**What you need to do**
Restate word for word all of the lines below, with each image left out.
————
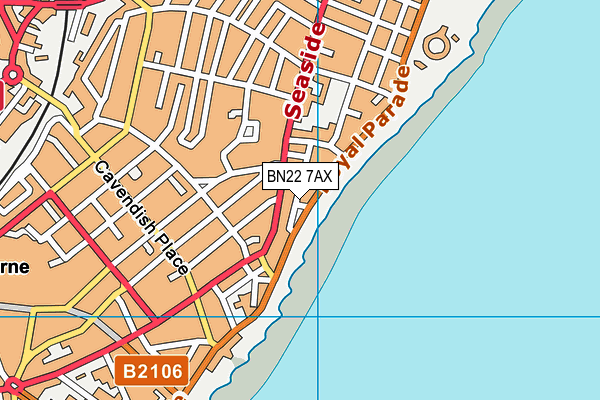 BN22 7AX map - OS VectorMap District (Ordnance Survey)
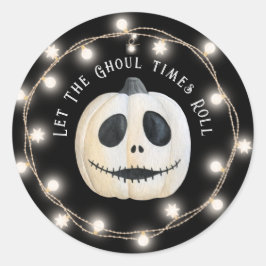 Pegatina Redonda Fiesta de Halloween Cara de calabaza gótica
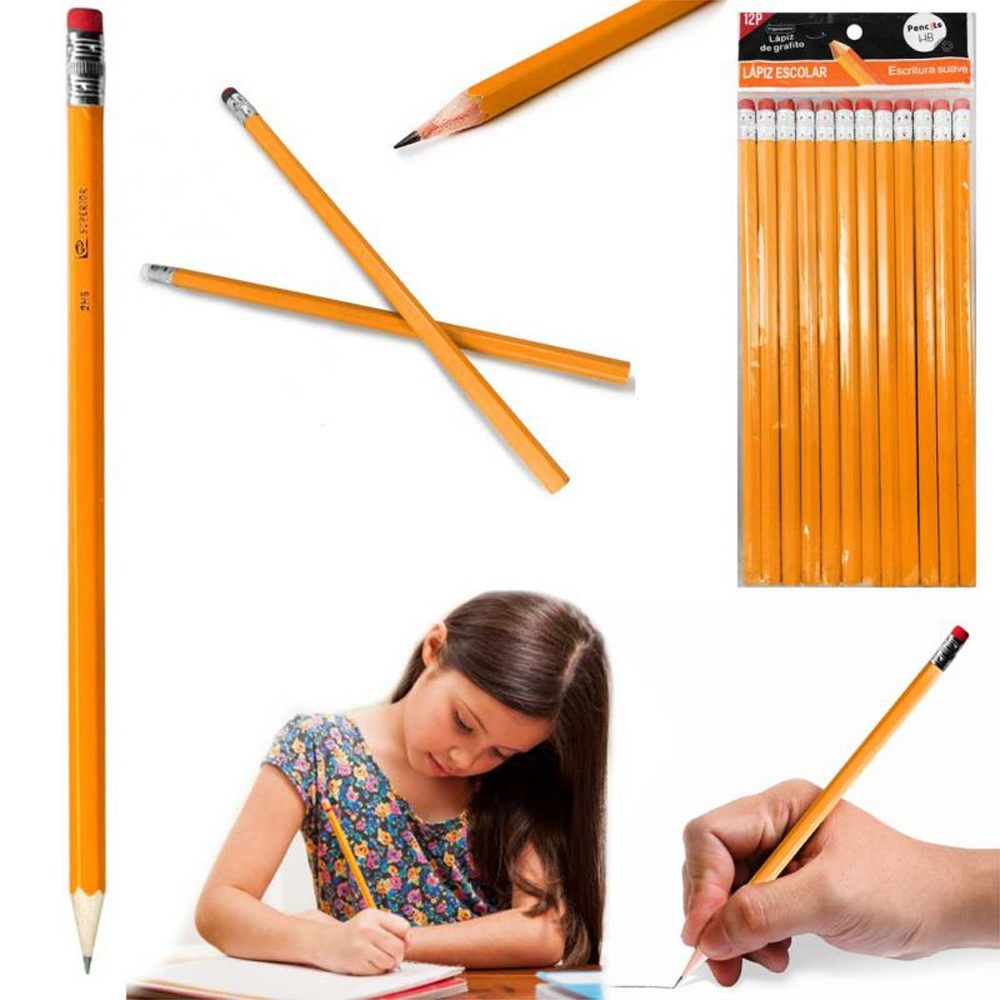 6 Lapiz de madera HB con goma escolar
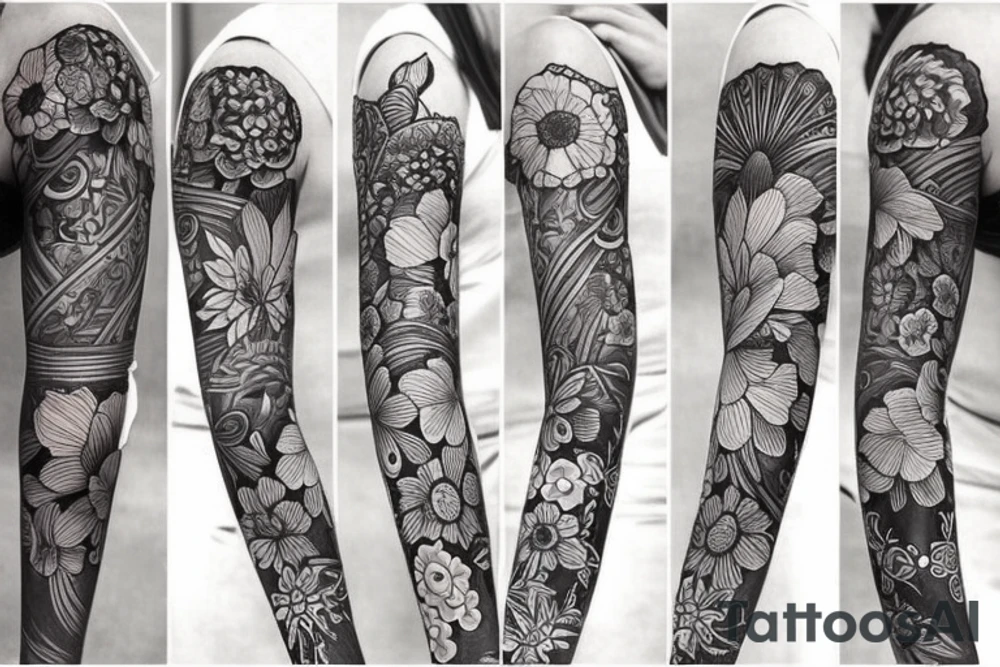 Left arm upper half sleeve, feminine, floral tattoo idea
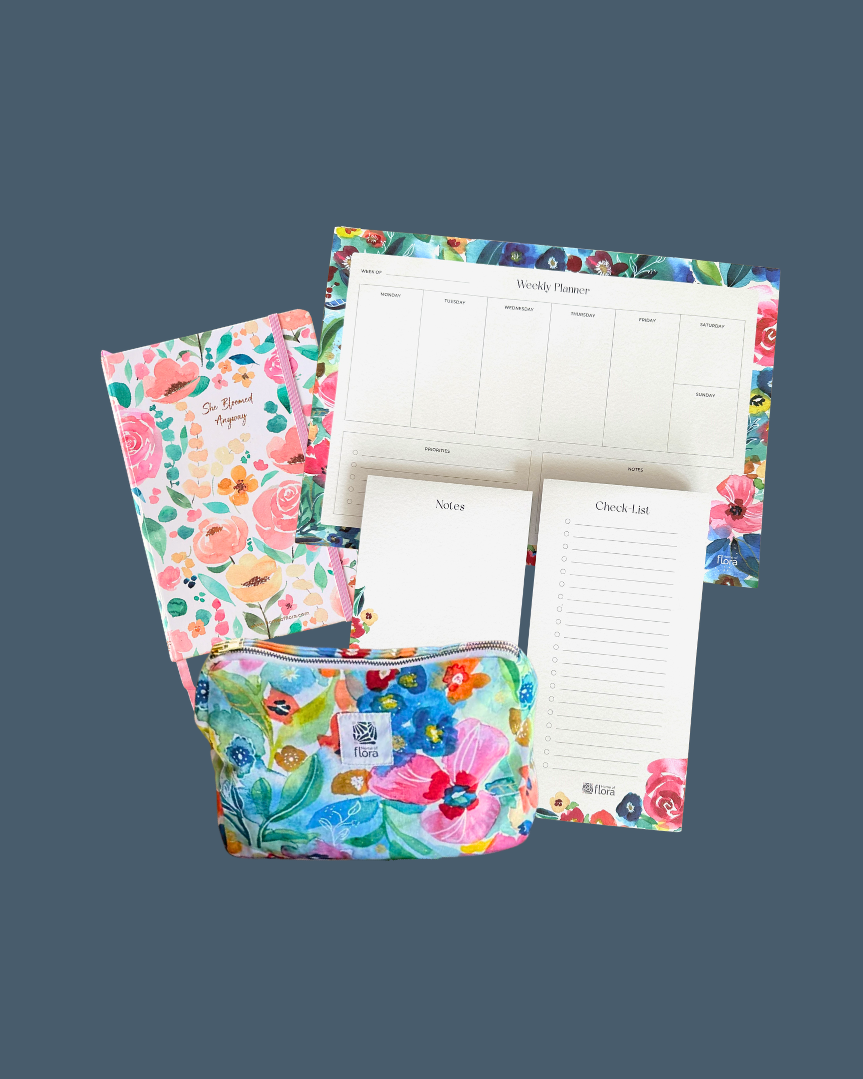 Floral planner with a matching pouch on a dark gray background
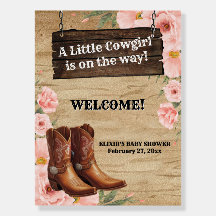 Floral Rustic Cowgirl Boots Baby Shower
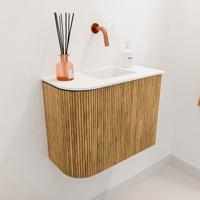 Toiletmeubel Mondiaz Joya | 51.6 cm | Meubelkleur Oak | Faye wastafel Talc Rechts | Zonder kraangat(en) Toiletmeubel Mondiaz Joya | 51.6 cm | Meubelkleur Oak | Faye wastafel Talc Rechts | Zonder kraangat(en)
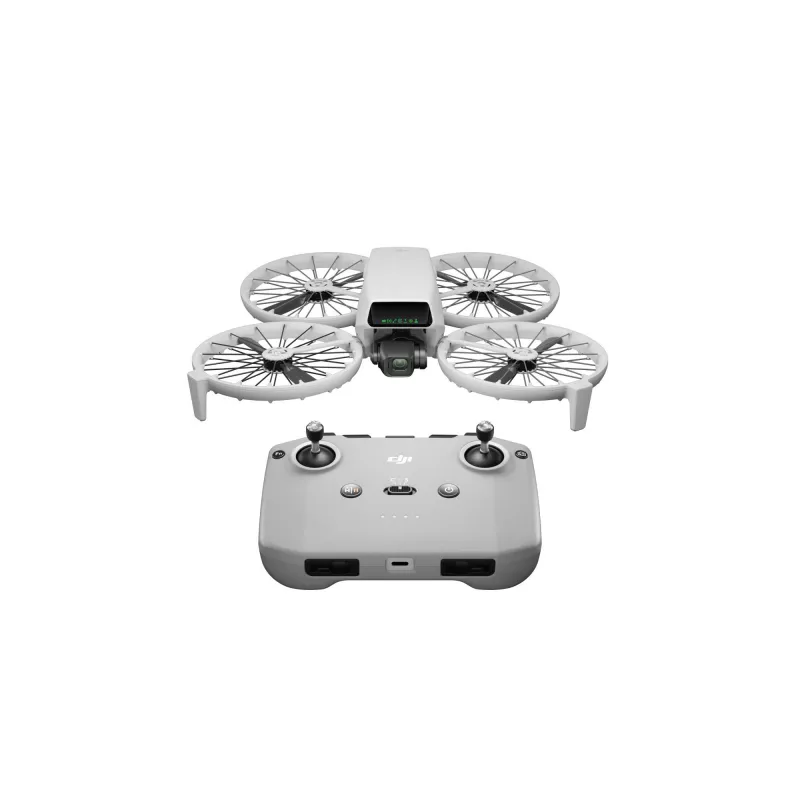 Drons DJI Flip ar 4 rotoriem, 48 MP kameru, 3840×2160 video, 3110 mAh akumulatoru, melnā/baltā krāsā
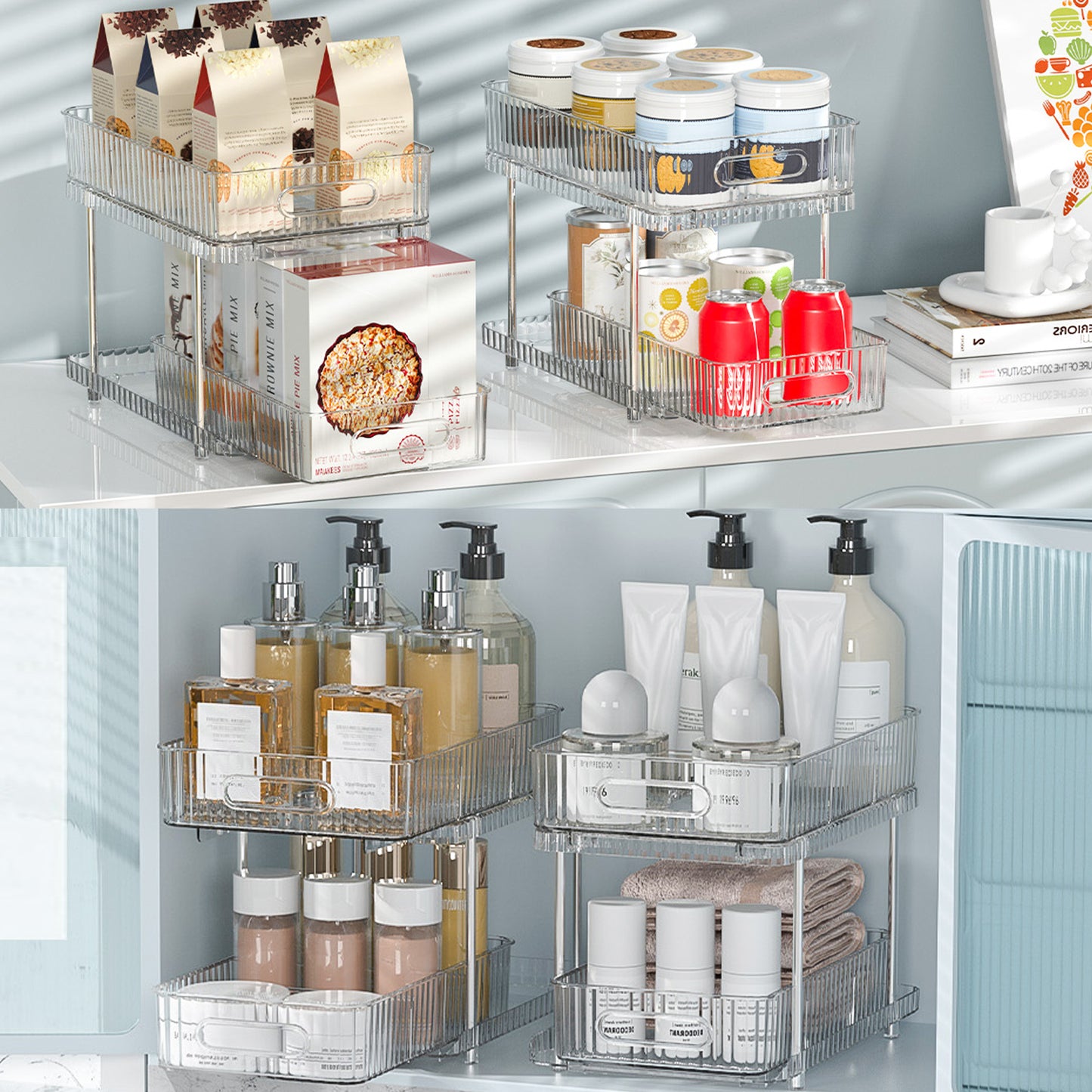 Maximize Your Space with Our 2-Pack Clear Pull-Out Bathroom Organizers - Perfect Under-Sink & Kitchen Storage Solution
————
**Exercise response**
 BN22 7AX map - OS VectorMap District (Ordnance Survey)
 Pegatina Redonda Fiesta de Halloween Cara de calabaza gótica
 6 Lapiz de madera HB con goma escolar
 Left arm upper half sleeve, feminine, floral tattoo idea
 Floral planner with a matching pouch on a dark gray background
 Floral Rustic Cowgirl Boots Baby Shower
 Toiletmeubel Mondiaz Joya | 51.6 cm | Meubelkleur Oak | Faye wastafel Talc Rechts | Zonder kraangat(en) Toiletmeubel Mondiaz Joya | 51.6 cm | Meubelkleur Oak | Faye wastafel Talc Rechts | Zonder kraangat(en)
 Drons DJI Flip ar 4 rotoriem, 48 MP kameru, 3840×2160 video, 3110 mAh akumulatoru, melnā/baltā krāsā
 Maximize Your Space with Our 2-Pack Clear Pull-Out Bathroom Organizers - Perfect Under-Sink & Kitchen Storage Solution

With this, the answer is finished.